Pituitary

July 28, 2007 on 7:05 pm | In Surgery |

David M. Barrs

The otolaryngologist often is involved in the removal of pituitary adenomas and other skull-base surgery. If a complete hormonal evaluation has not been performed, the otolaryngologist should be aware of possible adrenal and thyroid insufficiency. More common, however, is perioperative diabetes insipidus and the syndrome of inappropriate antidiuretic hormone (ADH) secretion.

Diabetes insipidus is caused by a decreased level of ADH, which impairs free-water reabsorption, leading to increased thirst and large volumes of dilute urine in the face of inappropriate hyperosmolarity of the serum. In effect, the patient has a free-water deficit. Other conditions may mimic diabetes insipidus. The stress of surgery normally increases ADH secretion and free-water retention, resulting later in a water diuresis that may be mistaken for diabetes insipidus. Excessive i.v. fluid replacement also may result in large urinary volume secondary to the input. Mannitol given during neurologic and skull-base surgery may produce an osmotic diuresis. A diagnosis of diabetes insipidus should be restricted to patients with urinary outputs greater than 200 mL/h with associated hypernatremia, serum hyperosmolarity, low urinary specific gravity, osmolarity, and sodium. Urine osmolarity is usually less than 200 mOsm and urine specific gravity less than 1.005. The patient should be monitored with frequent intake and output, body weights, urine-specific gravity, and serum sodium osmolarity. In mild cases, simple oral intake of water to satisfy thirst may provide adequate free water. In more severe cases or in the patient not taking water orally, i.v. 5% dextrose in water with only enough sodium to cover obligate sodium requirements is given. The volume should equal the urinary loss plus insensible losses. For high urinary volumes (i.e., more than 4 L daily), pharmacologic replacement should be considered. Overtreatment should be avoided, especially in neurosurgical cases, to lessen the chance of water intoxication and brain edema. Desmopressin acetate is a long-acting vasopressin analog given intranasally at a dose of 5 to 10 mg once or twice daily, subcutaneously 1 to 2 mg daily or i.v. 0.3 µg/kg at 12- to 24-hour intervals. It must be used with caution in patients with coronary artery disease.
Aqueous pitressin has the drawbacks of short duration of action and a vasoconstrictor effect, which may precipitate angina. The dose is 5 U intramuscularly every 3 to 6 hours. Usually, the condition will resolve over 3 to 5 days with conservative treatment of water replacement and judicious use of ADH compounds.

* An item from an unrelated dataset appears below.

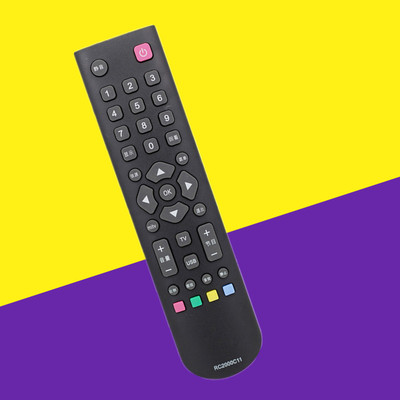 适用于TCL电视机遥控器RC2000C 通RC2000C11 RC200 3D RC2003D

The syndrome of inappropriate ADH secretion is characterized by hyponatremia with a urine osmolality that is inappropriately concentrated compared with serum osmolality. Because surgery and trauma cause ADH release, excessive administration of hypotonic i.v. solutions should be avoided. Treatment usually is accomplished by fluid restriction or use of demeclocycline, which inhibits the renal effects of ADH.